De plus, certaines mesures votées sont appliquées partiellement ou avec retard, sans justification publique, ce qui renforce la défiance du public et fragilise l’efficacité des politiques.
Pour améliorer la transparence et renforcer la confiance, le « policy brief » insiste sur la nécessité de repenser la gouvernance de la loi de finances de manière plus fluide et participative.
Il est suggéré d’élargir les instances de concertation pour inclure les représentants de la société civile et d’accompagner la publication des documents budgétaires par des formats accessibles et vulgarisés, comme des infographies ou des vidéos explicatives.
La participation citoyenne pourrait être stimulée grâce à des plateformes en ligne permettant aux citoyens de commenter les projets de loi et de signaler des anomalies, tandis que les évaluations d’impact social et économique devraient devenir systématiques avant toute réforme fiscale.
Le rôle du Parlement et de la Cour des comptes doit également être renforcé, en leur garantissant un accès complet aux données budgétaires et en les associant dès la phase préparatoire.
La publication régulière des écarts entre prévisions et exécution budgétaire, accompagnée d’explications sur les sous-exécutions et les ajustements réalisés, permettrait de responsabiliser les ministères et de rendre l’action publique plus compréhensible.

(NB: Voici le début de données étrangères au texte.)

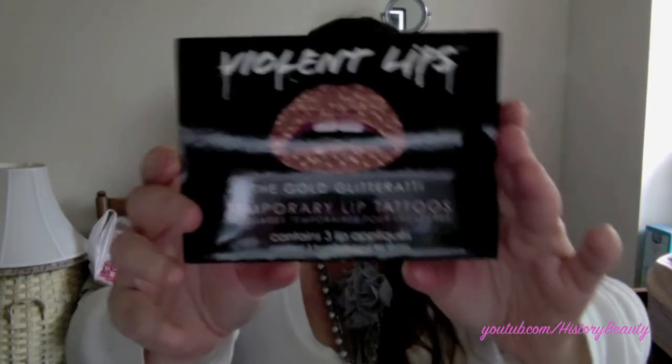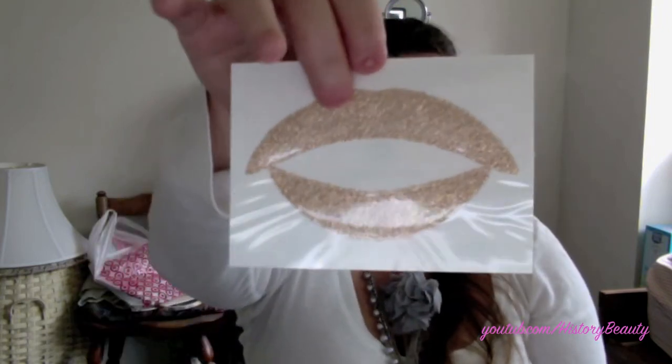Next, I saw these eye masks last year and I wanted some so bad. I don't think I'd ever wear them — maybe for Halloween or a costume party. Now I have three of them. They are the Violent Lips tattoo lipsticks and these ones are in gold glitter. They're literally glitter tattoos that you put on your lips and they fill in. It's a pretty cool idea.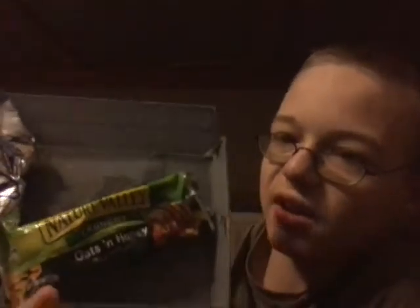Not wet crackers — wet oats and honey. I don't care. Either way, I don't like it. Why don't you like it? Because it's wet. It's bad.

Ces mesures contribueraient à instaurer une véritable culture de transparence, où la pression fiscale serait liée à l’efficacité concrète des dépenses et des investissements publics.
Le « policy brief » de l’Atgf rappelle que la loi de finances doit devenir un outil de gouvernance économique et sociale, capable de renforcer la légitimité fiscale et la confiance publique.
Pour cela, il est indispensable de rompre avec la logique technocratique fermée et d’instaurer un pilotage budgétaire ouvert, fondé sur la transparence, la redevabilité et la participation citoyenne.
La Tunisie, confrontée à des défis budgétaires, sociaux et économiques majeurs, gagnerait à intégrer ces recommandations pour transformer son processus budgétaire en un véritable instrument démocratique et efficace, garantissant un usage responsable des ressources publiques.